I’d failed twice to get up by 1pm for the bus to Santiago, Chile but when I finally managed it, the bloody road was closed by snow. So I headed south east to the east coast of Argentina to Patagonia in search of penguins and Welsh people. On the east coast are alleged to be huge communities of Welshies. I am always curious about how much of the old culture is retained in these places so I was going to investigate. The “Welsh” village of Gaiman was my stop. The Welsh headed down here about 100years ago by boat, bringing herds of sheep. Must have been an interesting journey. I looked for signs of Welshness especially falsehoods, what the Welsh call “whoopsshewasaladdddyyyyboyyy.” the place didn’t look Welsh. No Tom Jones, no miners but then I passed a knife back to the restaurant staff and he dropped it. Conclusive evidence, this place was as welsh as Tom Jones´s jockstrap.

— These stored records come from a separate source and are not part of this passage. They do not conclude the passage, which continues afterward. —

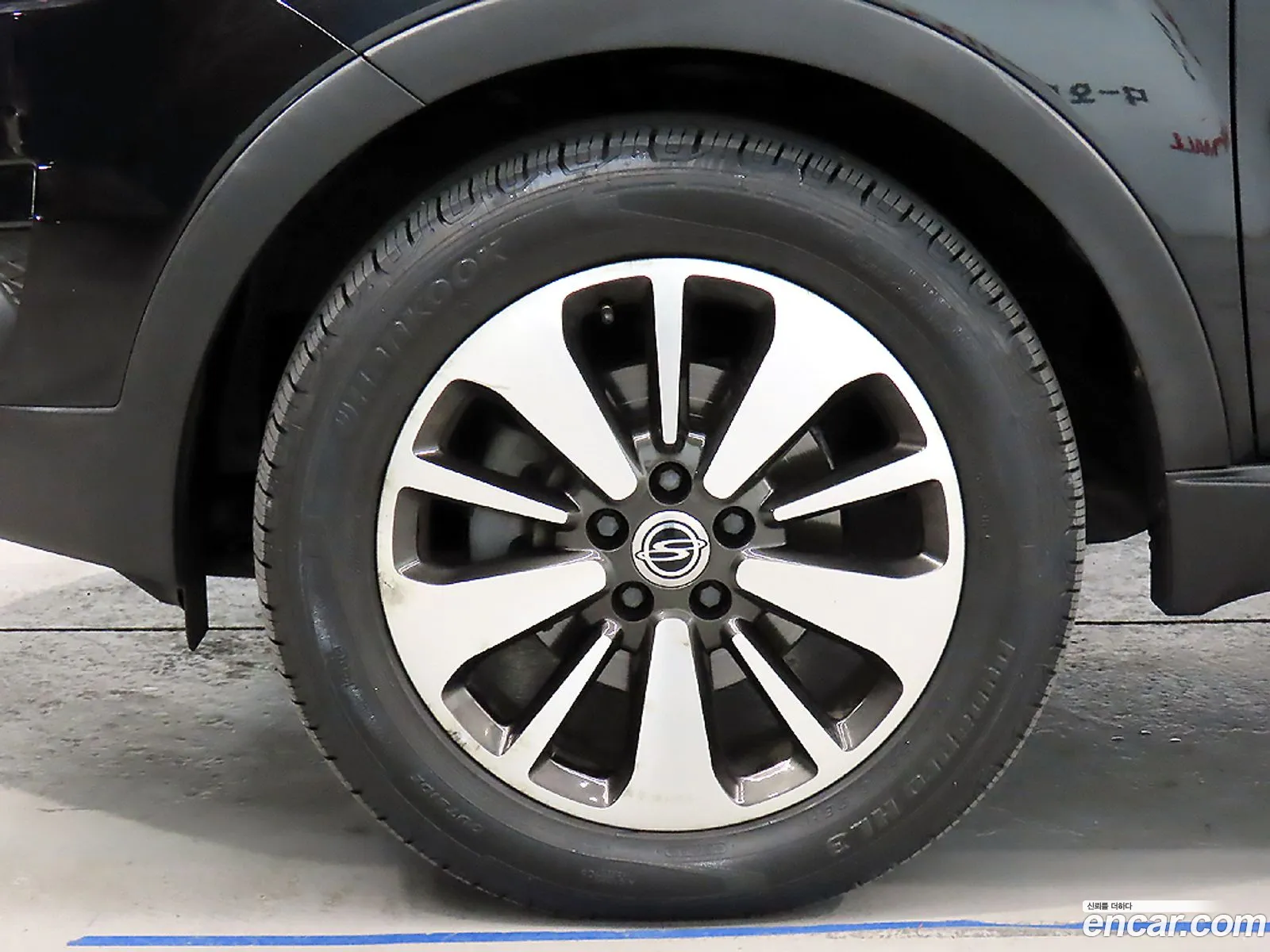 New Korando C 20 Cvt 2Wd High -End Type - фотография 18819449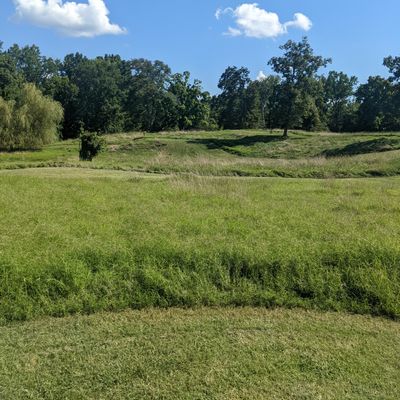 Extremely narrow fairways with one high tall grass. Almost impossible to find your disc if you don't land in the fairway.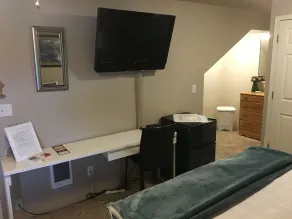 Studio apartment overlooking the Snake river - Image 4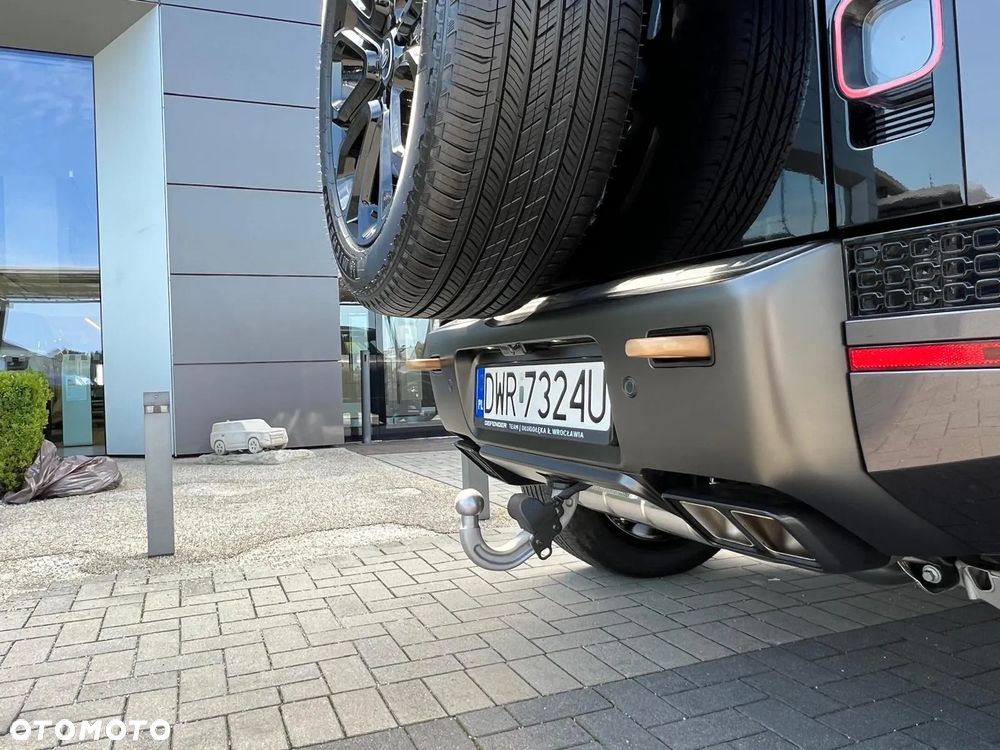 Land Rover Defender - 12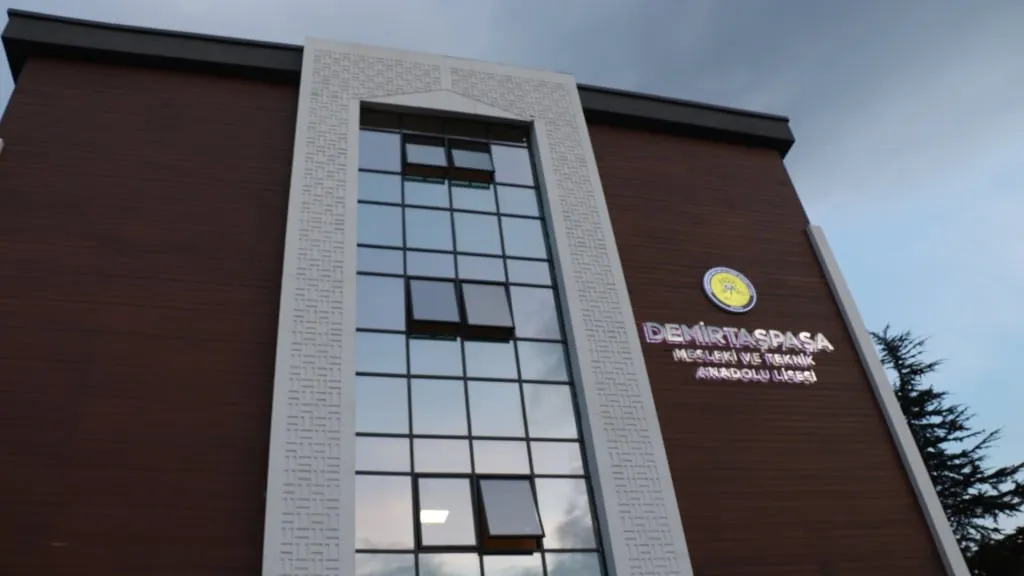 Demirtaşpaşa Mesleki Ve Teknik Anadolu Lisesi fotoğrafı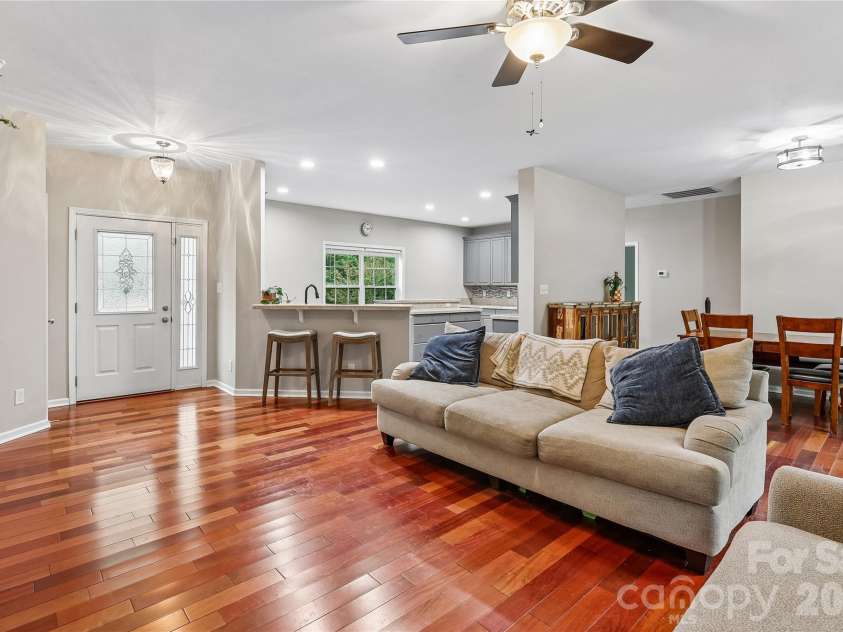 6673 Forney Hill Road, Denver, NC 28037.  MLS# CAR4382678, YatesRealty ID 32385. Spacious Living Area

I looked at the monuments and murals which were meant to be of working men, but frankly looked like a bunch of naked guys giving each other hand jobs. (see foto link) Later in a “traditional Welsh tea house” we were “entertained” by some “traditional Welsh music.” it is remarkable how Celt rhymes with belt as that is all u wanted to do to them. The place was generally pretty ugly. Slagheap usually refers to the women in Wales but here it was all the view offered. I kept hearing this loudspeaker which was so unclear (as they all are) that it could have been welsh. I followed the sound and it turned out to be a rodeo. Quite common in South Wales? I asked a few testing questions, “how much is it to enter, David?, what is it, Dafydd?” they didn’t seem to understand the end of my sentences. The show consisted of numerous riders trying to hang onto bucking horses. It included one gringo who fell off immediately. The finale was a Brazilian legend who horse went nuts and threw him off and then landed n him for a good measure. I did see the odd red head but Ryan Giggs knew more about Wales than these people. I then headed back via the dinosaur museum and went to bed early in preparation for penguins.
I woke up early. I was as excited as Monkey Mountain in Japan. I met a local who told me he was called Martin Jones. I knew a Martin Jones so I was pleased to meet him. But then I saw this shirt and it said Giorgio Armani. Lying bastard. Should have noticed the big black moustache earlier. Martin Jones or Giorgio Armani. U decide. I enquired about penguins to the hostel owner. He told me they wouldn’t be back for another few week. It was such a shame, he was a nice man. I buried him under a tree. May he rest in peace.
So I headed north to the beautiful people of Buenos Aires. The women in Patagonia aren’t the same level as BA and the men look like an older karate kid. Ralph Macchio, 43 this year. Respect. Buenos Aires is just like a nice European city. But the people are special. I hooked up with three Irish guys and was told I was just like an Irishman. We went to Argentina v France rugby and then a Boca Juniors football game. That was crazy. Part of the stadium caught fire, the crowd were throwing everything, spoons, punches, babies. I got hit by a spoon and a punch to the back of the head but luckily saw the baby coming and managed to boot it to the next stand. The Irish guys were legends and came out with some classic phrases including introducing themselves to a beautiful woman and then telling her, he’ll just “finish this drink and then we’ll go to bed.”
After five days though including 4x4pm the next day finishes, I had to get out and headed north to the famous Iguaçu Falls which I will look at tomorrow. Then its Paraguay and then Rio where I am catching up with one of the Irish. That will be my final week. I am looking forward to Paraguay. I don’t feel I a doing the hard yards here in Argentina. It’s a country I should visit when I am older and no longer want to spend time in difficult countries like Colombia or Paraguay.
But remember everyone, don’t stop moving to that funky, funky beat,
Ps I wanted to post the fotos with but haven’t had the opportunity. I will cos they are stunning, really special.